- _Short web captions_:
····················

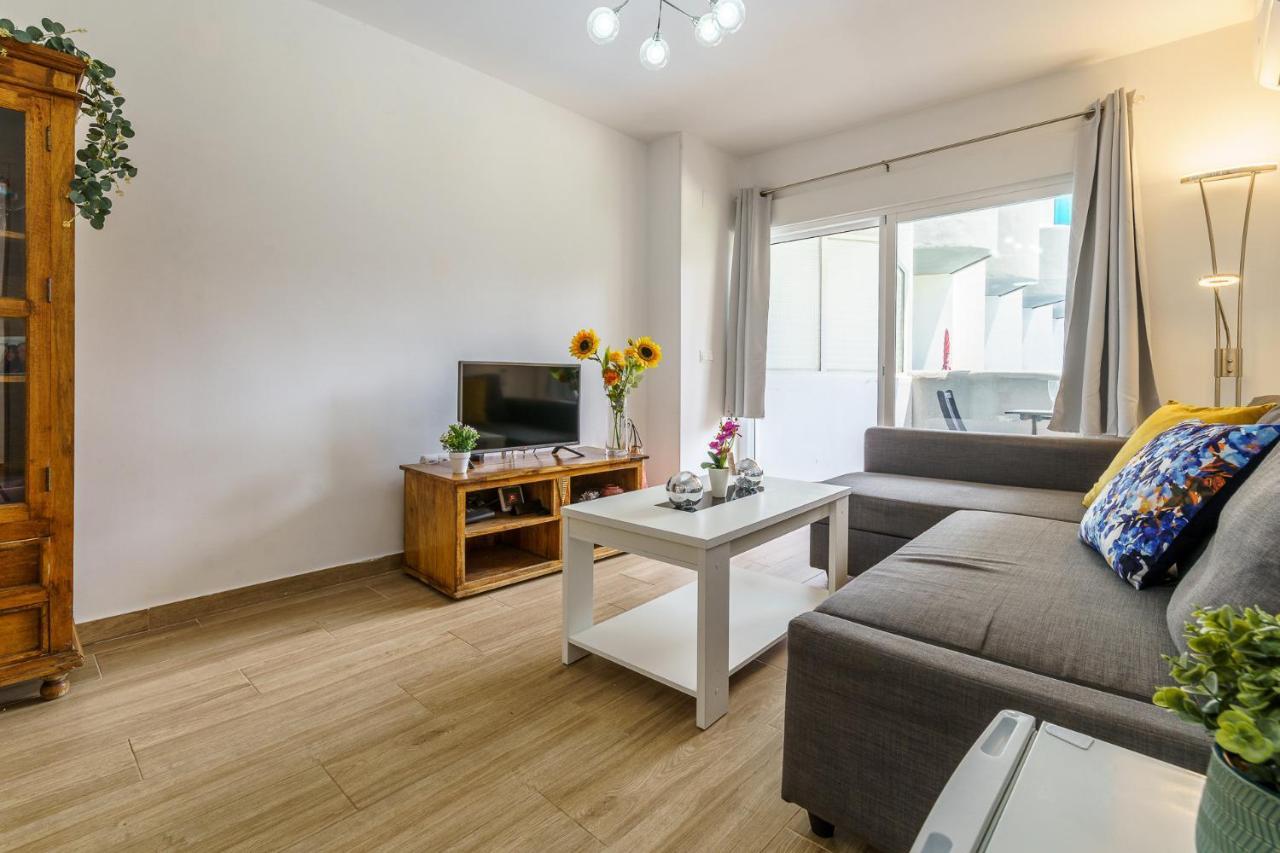 Malagasuite Comfort Home And Pool Torremolinos Bagian luar foto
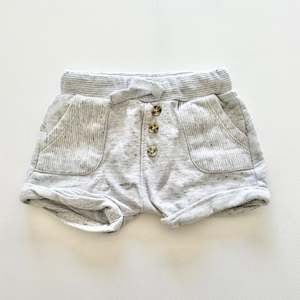 2 Basics: $2 BASICS - Seed Teddy Shorts, 3-6m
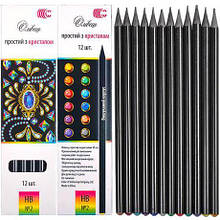 Олівець простий "Brilliant" "С" CR-155-12 MZOPT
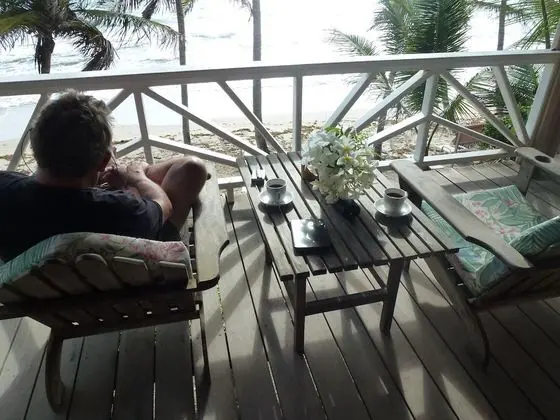 Romantic Tek Büyük Yataklı Oda, 1 Büyük (Queen) Boy Yatak, Balkon, Denize Sıfır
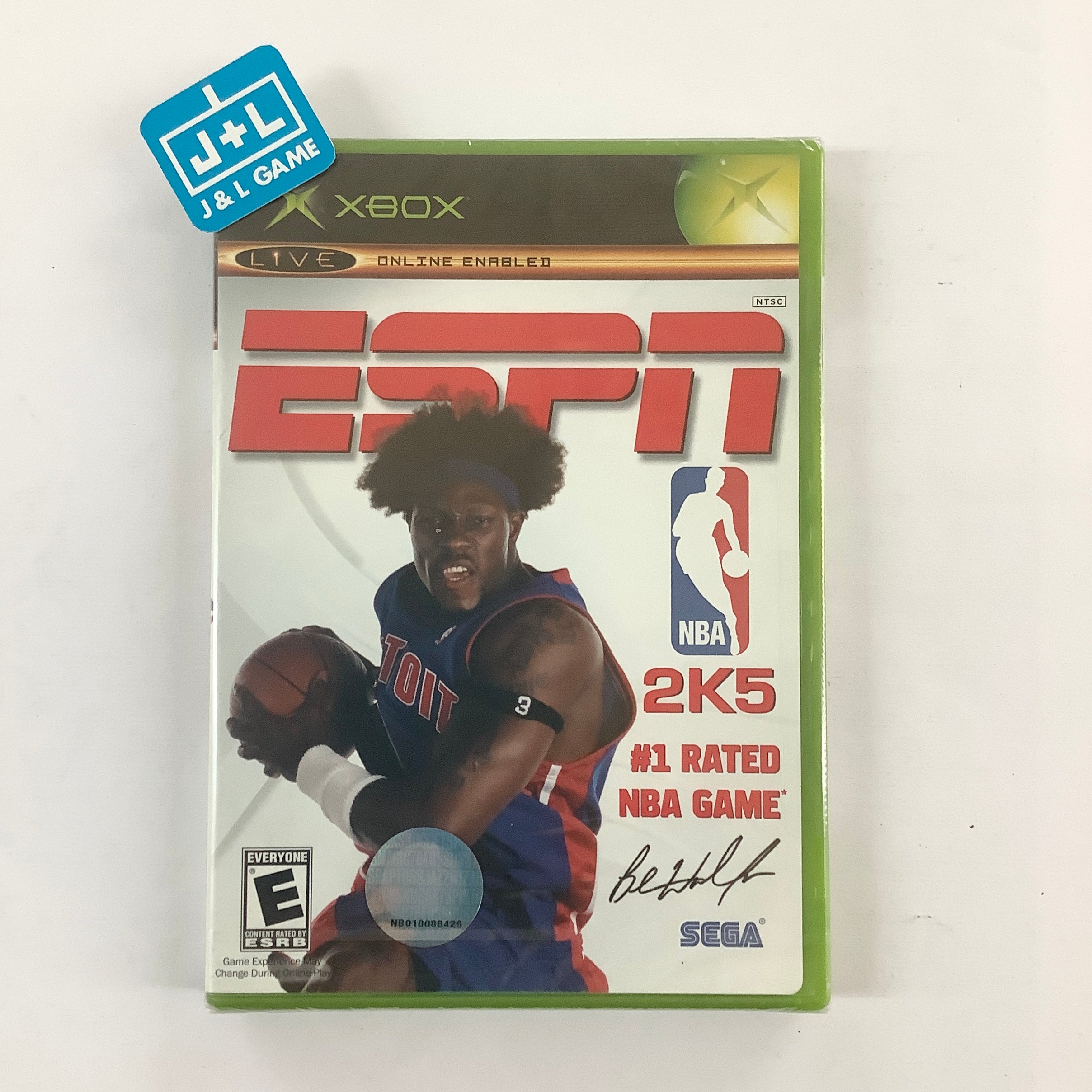 ESPN NBA 2K5 - (XB) Xbox Video Games Sega   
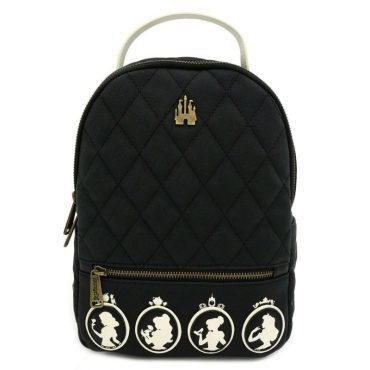 Loungefly! Leather: Disney- Princess (Black)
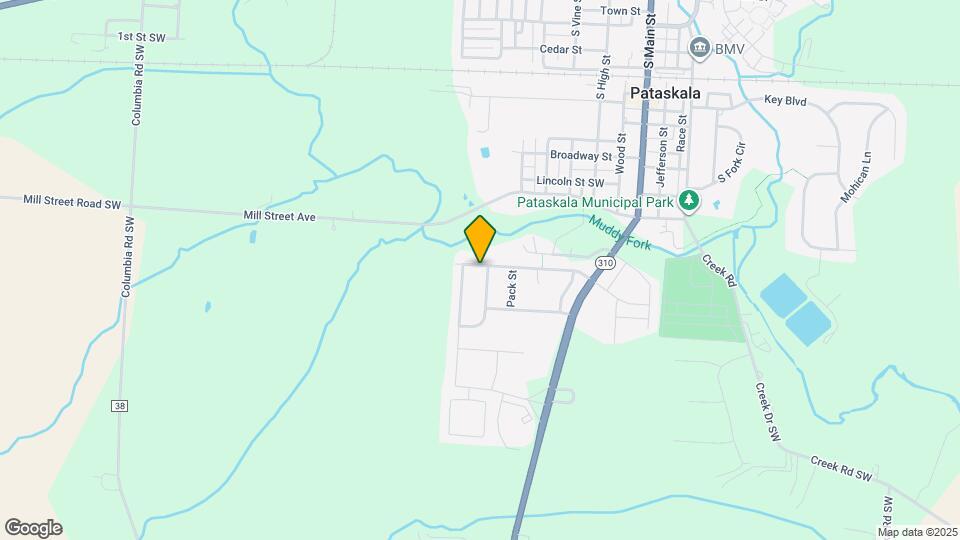 800 Whitehead Dr Map and Location Details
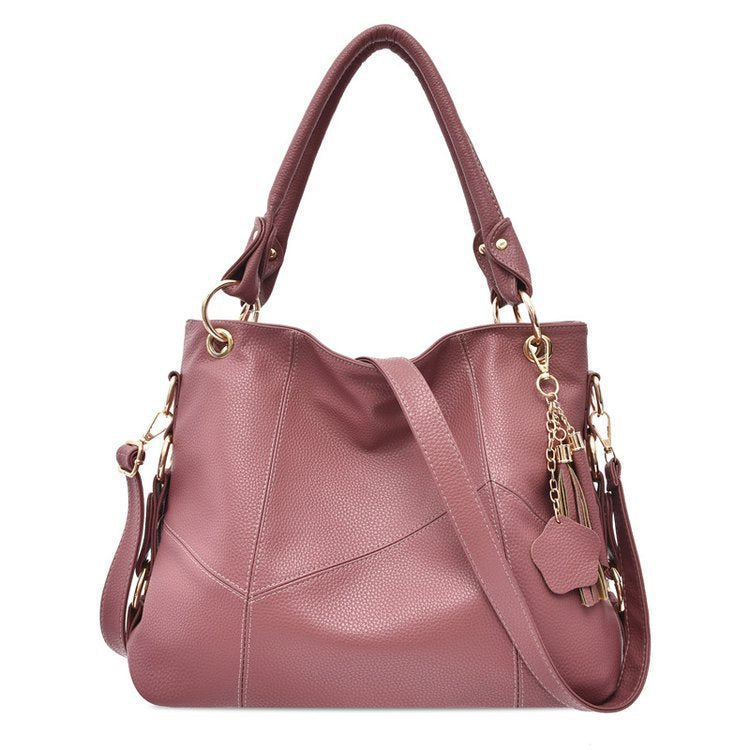 Trendy Tassel Large Capacity Tote Bag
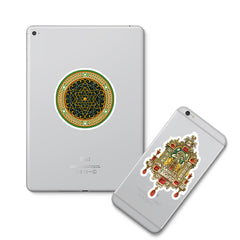 35pcs Retro Medieval Church Palace Sticker DIY Computer Student Stationery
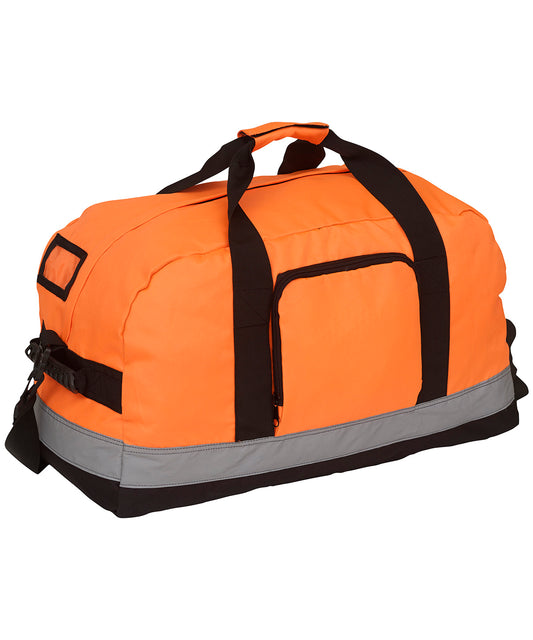 Yoko YK151 Hi-vis Seattle holdall (YK2518) in Orange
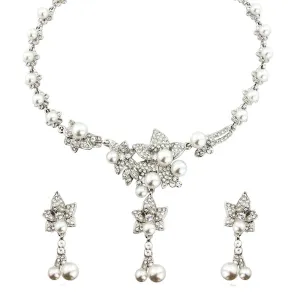 Petals and Pearls Jewellery Set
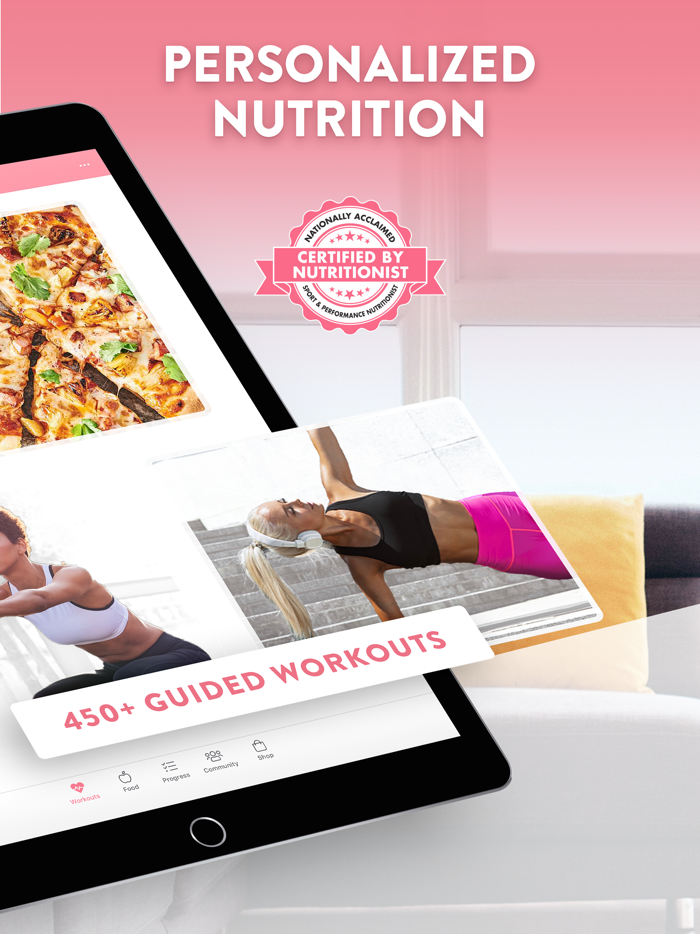 Flat Tummy App for Women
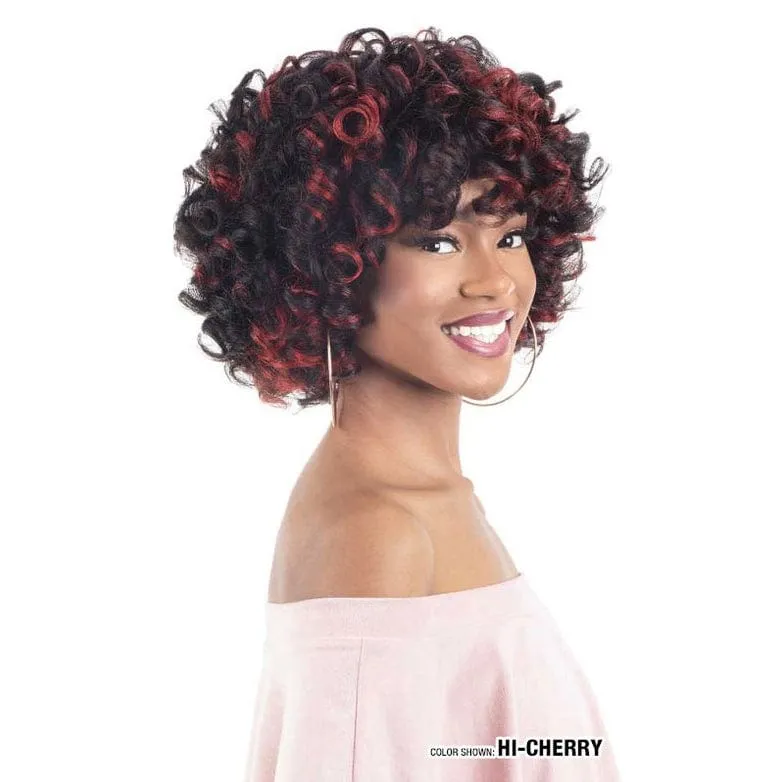 FLEXI-ROD CURL | Shake N Go Natural Me Synthetic Wig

····················

- _THE TASK_: Since only the text is needed, retype the data above exactly and omit the pictures.

- _ANSWER TO THIS TASK_:
 Malagasuite Comfort Home And Pool Torremolinos Bagian luar foto
 2 Basics: $2 BASICS - Seed Teddy Shorts, 3-6m
 Олівець простий "Brilliant" "С" CR-155-12 MZOPT
 Romantic Tek Büyük Yataklı Oda, 1 Büyük (Queen) Boy Yatak, Balkon, Denize Sıfır
 ESPN NBA 2K5 - (XB) Xbox Video Games Sega   
 Loungefly! Leather: Disney- Princess (Black)
 800 Whitehead Dr Map and Location Details
 Trendy Tassel Large Capacity Tote Bag
 35pcs Retro Medieval Church Palace Sticker DIY Computer Student Stationery
 Yoko YK151 Hi-vis Seattle holdall (YK2518) in Orange
 Petals and Pearls Jewellery Set
 Flat Tummy App for Women
 FLEXI-ROD CURL | Shake N Go Natural Me Synthetic Wig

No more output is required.